Most airlines are keeping additional revenue diverted during current federal aviation “tax holiday”
Late last week, the Federal Aviation Administration furloughed some 4,000 employees and began shutting down many functions, because Congress was too busy posturing and jockeying for political positions to renew funding for the FAA. Air controllers, being essential to public safety, are still on the job, but there’s no mechanism to collect millions of dollars of airline tax revenues that increase air fares up to 15 percent.

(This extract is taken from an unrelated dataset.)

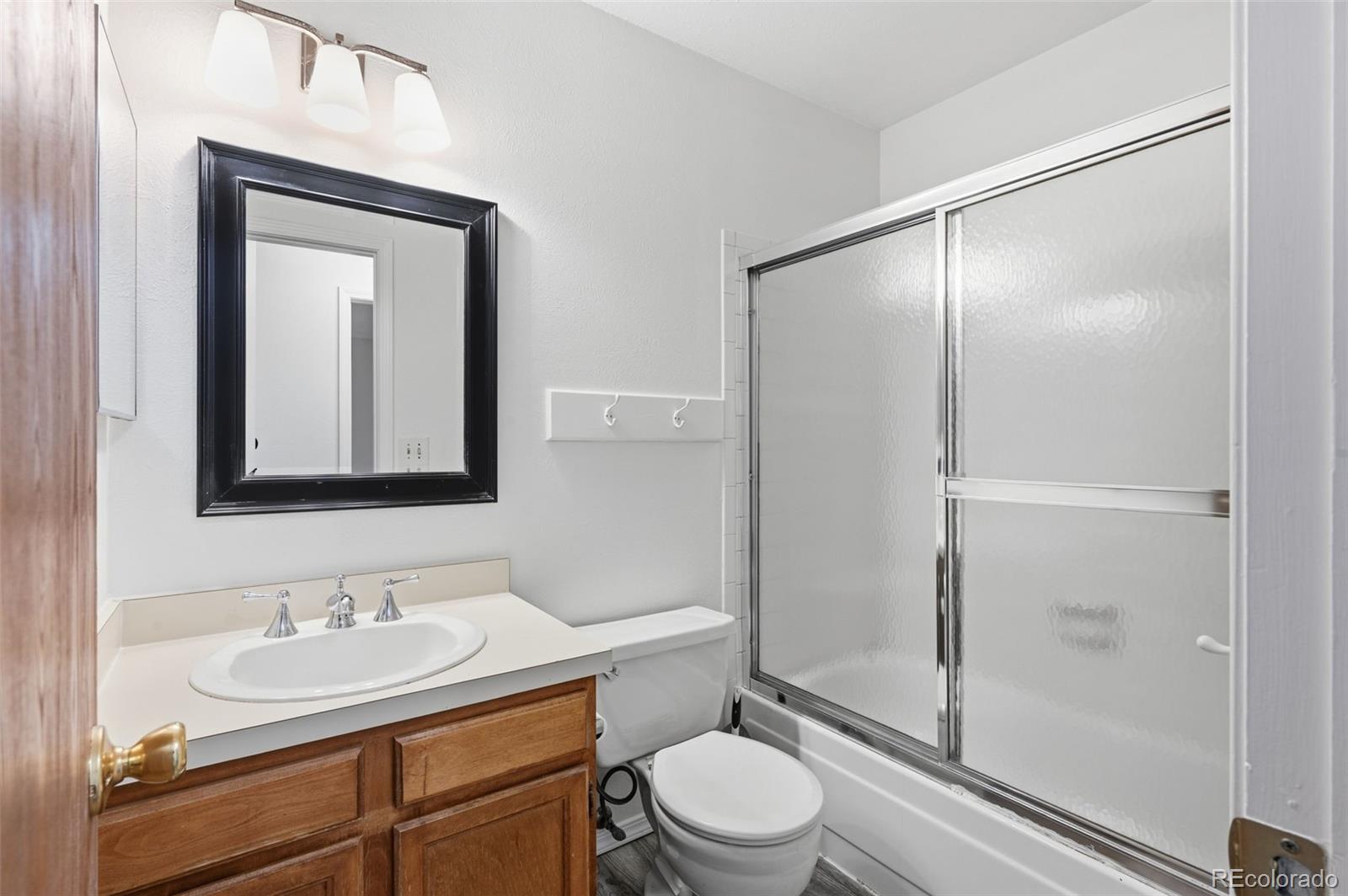 7883 Allison Way, Unit 302 Arvada, CO 80005 - Photo 17 of 29 a bathroom with a toilet a sink and a mirror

You’d think that this would be a savings for travelers, but no-o-o-o. Rather than giving passengers a price break, all but three airlines (Alaska Airlines, low-fare Spirit Airlines and Virgin America) kept air fares at their previous rate and pocketed the revenues that would otherwise have gone to the government. The U.S. Treasury is strapped. To raise or not to raise the debt ceiling is a matter of ideological debate. The airlines, having pared costs and socked passengers with fees for formerly free services (like checked-bag fees that annually yield $3.4 billion in revenues), seem to be doing quite well — and they’ll be doing better as long as they manage to keep their windfall, tax-free to boot.
This might be a foretaste of the economic system if the no-tax crew gets its way. The government will be ever more cash-strapped, loosely regulated corporations will benefit and the public (traveling and otherwise) will get screwed.